**PROBLEM REQUIREMENTS:**
Skip the pictures. Transcribe the rest of the data below without changing a word.

**GIVEN DATA:**
⟨

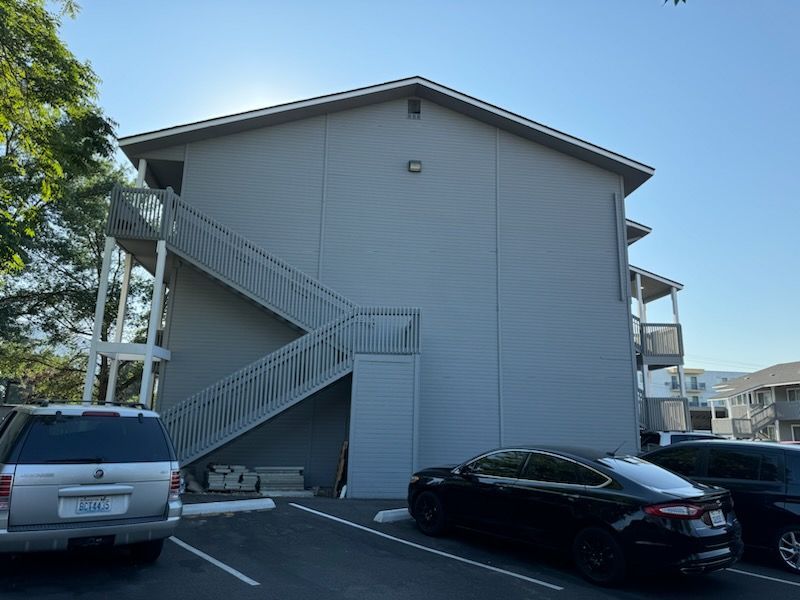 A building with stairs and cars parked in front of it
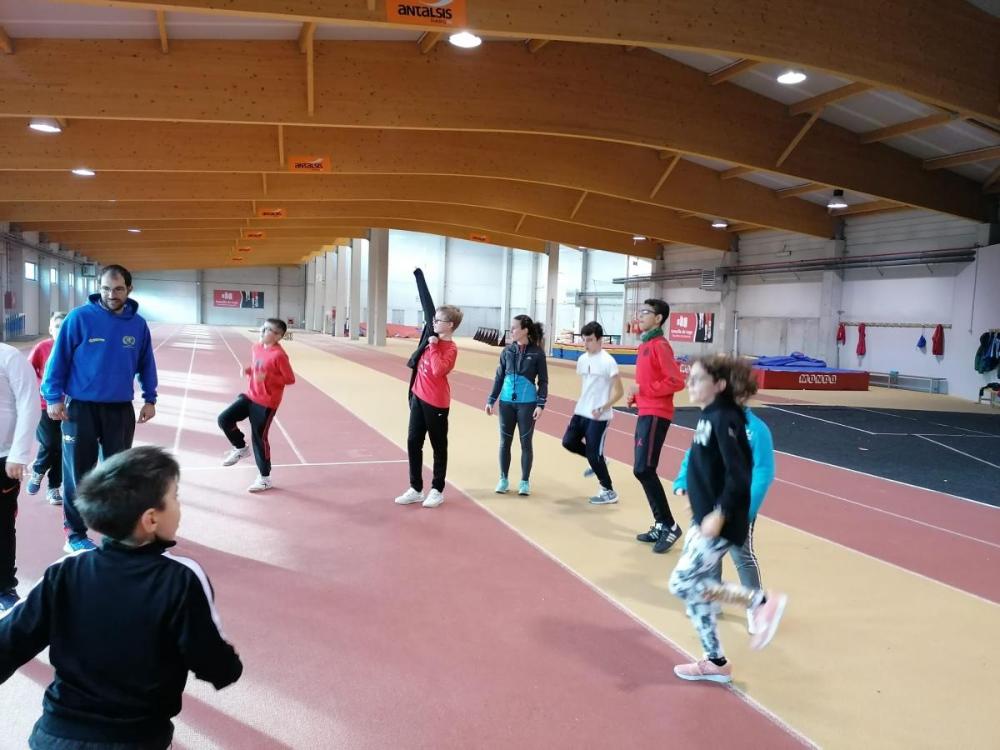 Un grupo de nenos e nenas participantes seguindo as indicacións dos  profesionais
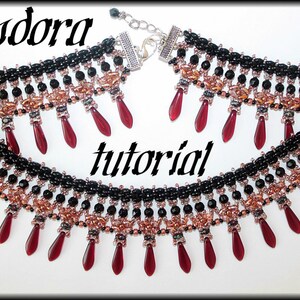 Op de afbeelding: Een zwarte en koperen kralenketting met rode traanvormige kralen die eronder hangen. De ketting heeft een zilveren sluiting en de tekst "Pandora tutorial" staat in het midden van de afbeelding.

⟩

**PROBLEM SOLUTION:**
 A building with stairs and cars parked in front of it
 Un grupo de nenos e nenas participantes seguindo as indicacións dos  profesionais
 Op de afbeelding: Een zwarte en koperen kralenketting met rode traanvormige kralen die eronder hangen. De ketting heeft een zilveren sluiting en de tekst "Pandora tutorial" staat in het midden van de afbeelding.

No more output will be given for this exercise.